Missing gold cover up

According to recent reports from Clearfield, Pennsylvania, a federal court ordered really important documents to be released in a missing gold stash case. Agents with the Federal Bureau of Instigation are accused of stealing it. Right out from under the nose of a treasure hunter who discovered it.

The bureau had to shake loose “a trove of government photos, videos, maps and other documents involving the FBI’s secretive search for Civil War-era gold.

Treasure hunter Dennis Parada was fascinated by local lore of a missing Union gold shipment near Dents Run, Pennsylvania. The bullion disappeared in 1863 while en-route to Philadelphia’s U.S. Mint. After extensive research and investigation, Parada hired sophisticated ground sensor testing which “suggested tons of gold might be buried” at the location he targeted.

He couldn’t just dig it up and keep it. What he could do, and did, was turn in his find for a reward. He’s owed a big percentage of its value. The FBI came in to dig it up and came out of their hole empty handed. Nothing from nothing leaves nothing, so Parada isn’t happy.

Parada and his “advisers” have been “poring over the newly released government records” day and night. They think they have the goods on the government.

They “accuse the FBI of distorting key evidence and improperly withholding records in an apparent effort to conceal the recovery of a historic, extremely valuable gold cache.

The operational plan

The next step is for the judge to issue a decision on “whether the FBI will have to release its operational plan for the gold dig and other records it wants to keep secret.” You bet they want it kept secret.

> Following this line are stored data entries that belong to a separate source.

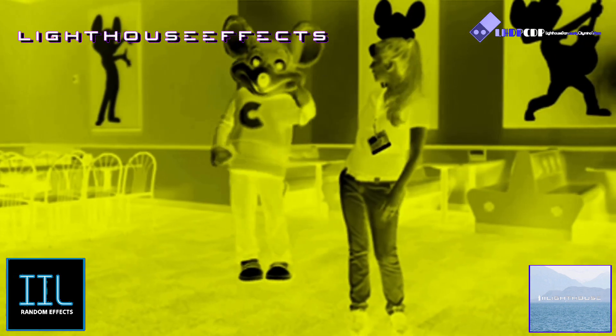Hey everybody, we have a brand new dance called Chucky's Happy Dance. Chucky, are you ready to show them? Let's do it.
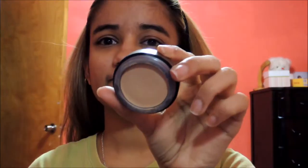Hello guys, welcome to my channel. I am going to do a smokey eye look for Christmas Eve.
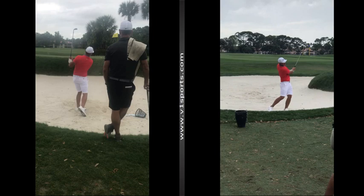Brooks Koepka is a very talented short game player. If you get a chance to watch these guys around the short game area at any of these tournaments, you can really learn a lot — this is where they save their shots, where when they don't hit it as well as they'd like, they can still come away with pars and shoot good scores. Anyway, four shots there from Brooks Koepka. Hopefully you get something out of it and we hope to see you out on the course soon.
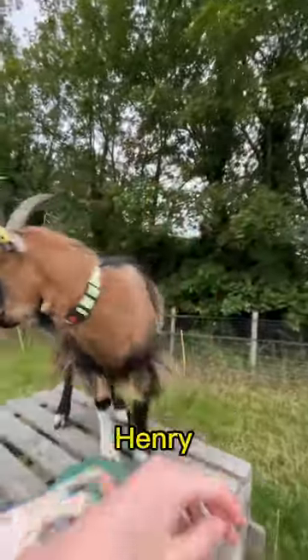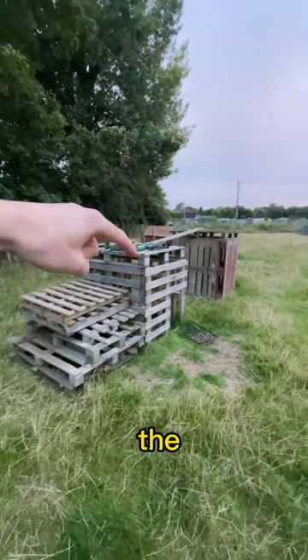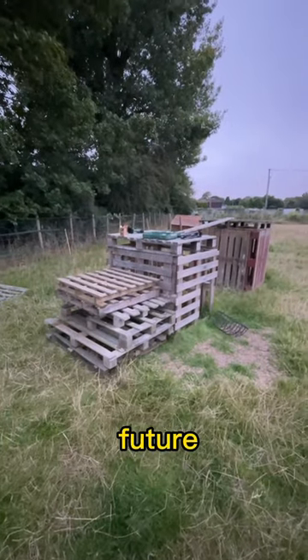Do you like the new climbing frame, Henry? Come here. I've changed plans — we're going to do something like this so the goats kind of have to climb up here to get to the top, rather than using ramps. This definitely needs to be redone in the future, but for now it will work to get the goats up top.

We feel we were double-crossed and lied to,” Parada relates. “The truth will come out.” The gold recovery was expected to be worth “hundreds of millions.” The FBI doesn’t want to talk about it.

They didn’t even admit they were looking for gold at Dents run until last year, when they had to. They didn’t find any and they’re sticking to that story. The bureau “continues to unequivocally reject any claims or speculation to the contrary.” Prada and his son spent years looking.

They “eventually guiding the FBI to a remote woodland site 135 miles northeast of Pittsburgh where they say their instruments identified a large quantity of metal.” The “FBI brought in a geophysical consulting firm whose sensitive equipment detected a 7- to 9-ton mass suggestive of gold.

The FBI came in with a warrant, a team and heavy equipment. Then a snowstorm stopped operation. During the night, local residents report digging with jackhammers and sighting several vehicles, including armored transport. Parada “suspects the agency conducted a clandestine, overnight dig between the first and second days of the court-authorized excavation, found the gold, and spirited it away.

The new photos appear to show altered evidence. “For example, an FBI image that was supposed to have been taken about an hour after the squall does not show any snow on a large, moss-covered boulder at the dig site. That same boulder is snow-covered in a photo that FBI records indicate was taken the next morning — some 15 hours after the storm.” Parada’s team has “compelling evidence a night dig took place, and that the FBI went to some large effort to cover up that night dig.” There’s also a trench shown on a map.